I'm frightened that would be it at that point.
I can see that she can be tired - pain from gallstones can keep her up at night sometimes - but there's no 'we' in the relationship. She needs to loose a reasonable amount of weight before an op is safe - but that's never seems to be happening.
We're going to start advertising and see if we can get a weekend nanny occasionally - we only have her mother living within babysitting reach and she can't do that. (Slightly disabled and not completely with it).
My plan now is relatively simple - we try and follow the her plan for the next couple of weeks. Then if that doesn't happen I'll ring Relate and get us booked in.
Part of me just feels that I'm the guy that walks the dog, cooks sometimes, looks after the kids and does nightly footrubbing and brings in the cash. I'm also the person that's being slowly driven out of his mind by this - I just feel so damn emotionally drained.
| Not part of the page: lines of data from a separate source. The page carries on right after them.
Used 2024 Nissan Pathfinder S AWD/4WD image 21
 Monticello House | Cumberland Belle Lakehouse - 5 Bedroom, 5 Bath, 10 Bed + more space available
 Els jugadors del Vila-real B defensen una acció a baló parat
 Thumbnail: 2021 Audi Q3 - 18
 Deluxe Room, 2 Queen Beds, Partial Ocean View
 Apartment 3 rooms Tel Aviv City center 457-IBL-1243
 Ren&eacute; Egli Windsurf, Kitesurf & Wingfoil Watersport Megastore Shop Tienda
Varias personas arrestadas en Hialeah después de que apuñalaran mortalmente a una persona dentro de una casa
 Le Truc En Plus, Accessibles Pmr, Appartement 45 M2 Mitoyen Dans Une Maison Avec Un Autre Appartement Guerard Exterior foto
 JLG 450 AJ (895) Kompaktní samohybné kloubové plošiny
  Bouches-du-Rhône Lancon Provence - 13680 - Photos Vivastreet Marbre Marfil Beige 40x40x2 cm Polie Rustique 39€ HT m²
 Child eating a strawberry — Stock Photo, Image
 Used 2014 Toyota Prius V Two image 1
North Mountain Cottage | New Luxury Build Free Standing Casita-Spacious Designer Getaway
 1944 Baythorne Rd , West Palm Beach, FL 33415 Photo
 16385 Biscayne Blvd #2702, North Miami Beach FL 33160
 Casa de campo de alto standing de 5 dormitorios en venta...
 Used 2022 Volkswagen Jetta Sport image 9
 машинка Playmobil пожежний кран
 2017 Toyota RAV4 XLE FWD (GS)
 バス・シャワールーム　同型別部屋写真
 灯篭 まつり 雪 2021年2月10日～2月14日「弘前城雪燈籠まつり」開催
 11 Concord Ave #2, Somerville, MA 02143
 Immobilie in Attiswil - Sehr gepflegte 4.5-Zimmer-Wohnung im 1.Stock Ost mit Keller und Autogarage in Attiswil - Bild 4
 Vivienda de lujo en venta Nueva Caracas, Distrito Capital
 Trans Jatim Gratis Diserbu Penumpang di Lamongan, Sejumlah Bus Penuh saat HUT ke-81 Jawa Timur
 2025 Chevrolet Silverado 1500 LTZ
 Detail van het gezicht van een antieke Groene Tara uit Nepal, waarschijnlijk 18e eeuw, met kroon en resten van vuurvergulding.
I just feel I've been pushing this rock up this bloody hill for so long and everytime I have a hint of success the bloody thing rolls back down again.
I can't go on like this forever - I'm going to try all the options I've got - and if those fail then we have to separate. I suspect I've got about 6-9 months before that happens. I'm beginning to wonder, if we didn't have kids, if we would've gone on this long.